The nation in brief

Officials work on the beach as the fishing vessel Paloma remains stuck in the breakers of Ocean Beach in San Francisco, Monday, Aug. 4, 2014. Crews suspended an hourslong air and sea search for a captain who may have abandoned his fishing boat when it got stranded off a San Francisco beach. The Coast Guard called off its search shortly before noon Monday.  (AP Photo/San Francisco Examiner, Nathaniel Y. Downes)
Officials work on the beach as the fishing vessel Paloma remains stuck in the breakers of Ocean Beach in San Francisco, Monday, Aug. 4, 2014. Crews suspended an hourslong air and sea search for a captain who may have abandoned his fishing boat when it got stranded off a San Francisco beach. The Coast Guard called off its search shortly before noon Monday. (AP Photo/San Francisco Examiner, Nathaniel Y. Downes)

Government to close 3 alien shelters

WASHINGTON -- The government said Monday that it will soon close three emergency shelters it established at U.S. military bases to temporarily house children caught crossing the Mexican border alone. It said fewer children were being caught and other shelters will be adequate.
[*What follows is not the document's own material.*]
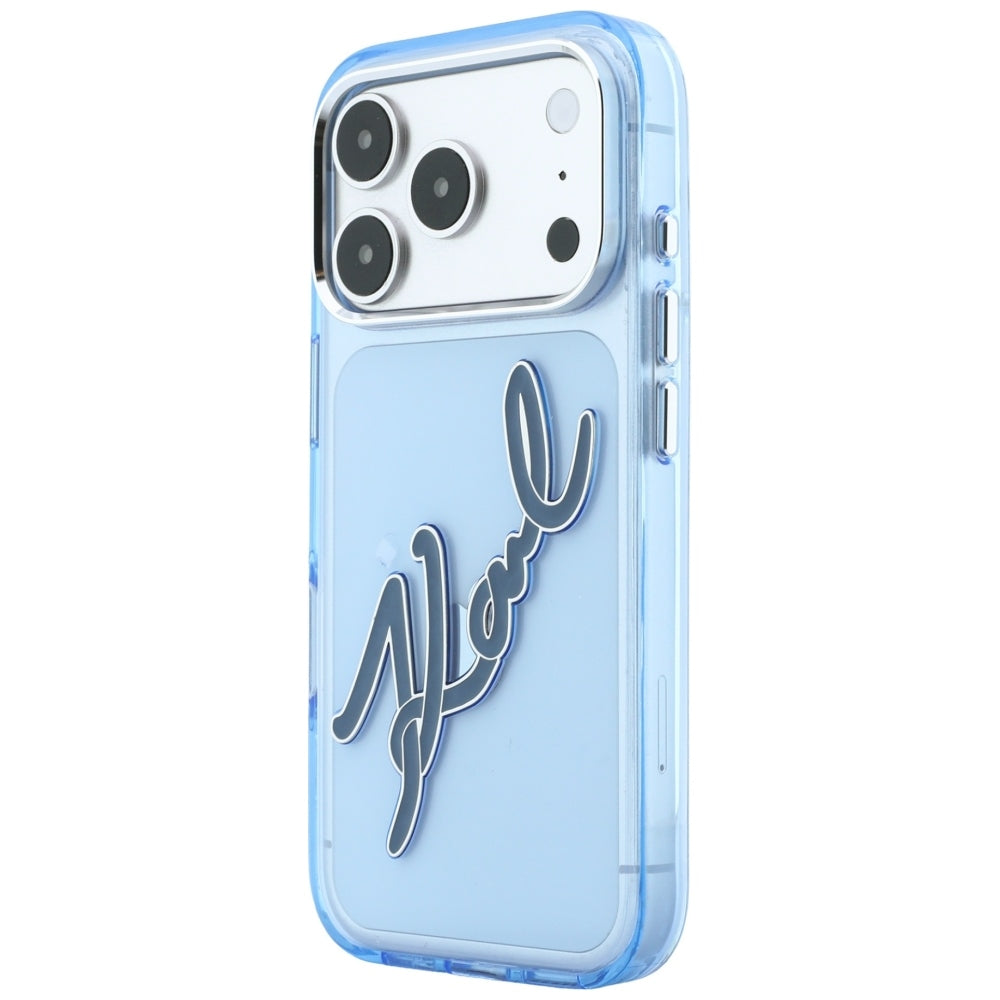 Husa pentru Apple iPhone 18 Pro Max / 17 Pro Max, Karl Lagerfeld, IML Big Signature Resin Logo Metal Frame, Albastra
A shelter in Oklahoma at Fort Sill is expected to close as early as Friday, the Health and Human Services Department said. Shelters in Texas at Joint Base San Antonio-Lackland and in California at Naval Base Ventura County-Port Hueneme will wrap up operations in the next two to eight weeks, agency spokesman Kenneth Wolfe said. About 7,700 children had been housed at the three military bases since shelters there opened in May and early June.

Since Oct. 1 more than 57,000 unaccompanied children, mostly from Honduras, El Salvador and Guatemala, have been caught crossing the Mexican border illegally.

A 2008 law requires that unaccompanied child aliens from countries that don't border the United States be handed over to the Health and Human Services Department within 72 hours of being apprehended. The children are cared for by the government until they can be reunited with a relative or another sponsor in the United States while they await a deportation hearing in immigration court.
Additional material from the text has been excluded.